[Opening Recorded information section]

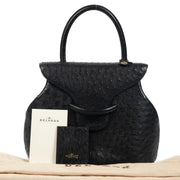Shop 100% Delvaux Black Ostrich Baltimore GM Top Handle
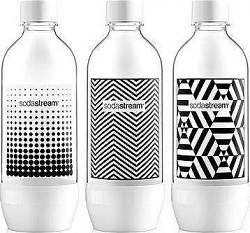 SodaStream - Fľaša, Trojbalenie, 1 l, biela a čierna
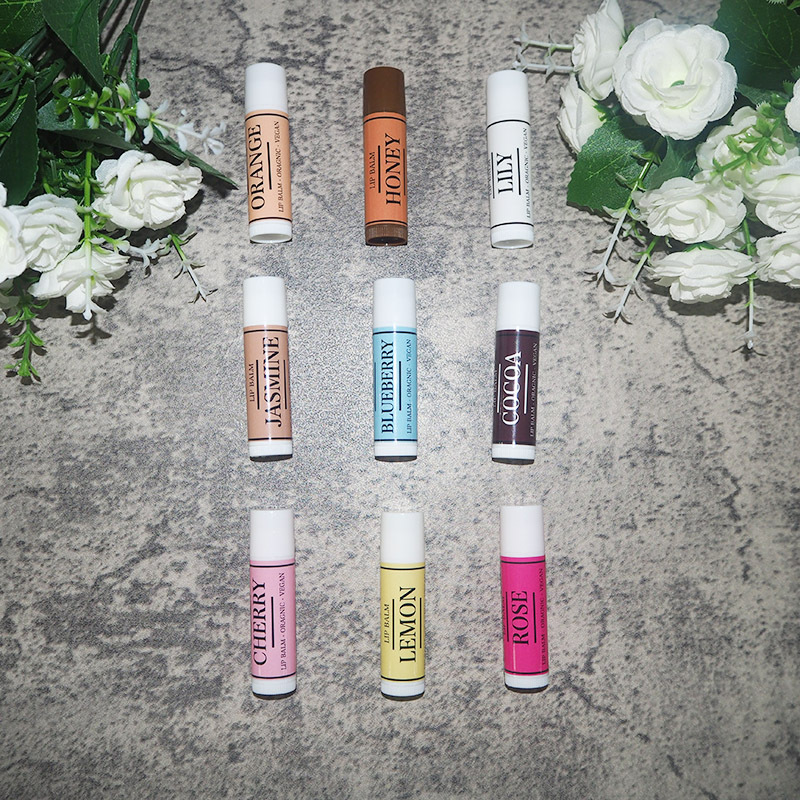 外贸lip balm润唇膏蜂蜜蓝莓樱桃玫瑰芦荟薄荷可可橘子滋润唇膏
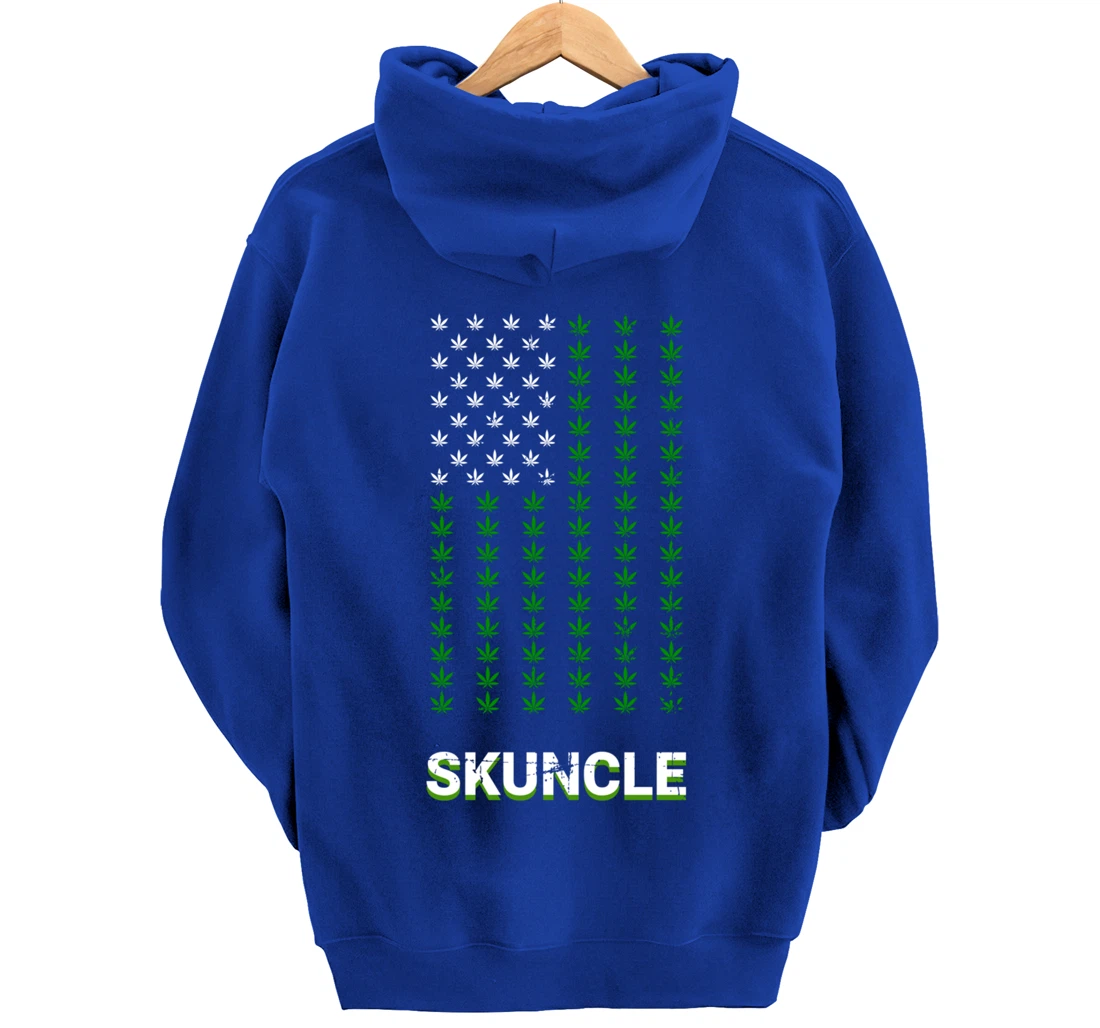 American Flag Marijuana Funny Smells Like Weed Skuncle Uncle Pullover Hoodie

[Closing Recorded information section]

Exercise objective:
What is needed is every line of the data above, set down exactly but with the images left out.

Response below:
Shop 100% Delvaux Black Ostrich Baltimore GM Top Handle
 SodaStream - Fľaša, Trojbalenie, 1 l, biela a čierna
 外贸lip balm润唇膏蜂蜜蓝莓樱桃玫瑰芦荟薄荷可可橘子滋润唇膏
 American Flag Marijuana Funny Smells Like Weed Skuncle Uncle Pullover Hoodie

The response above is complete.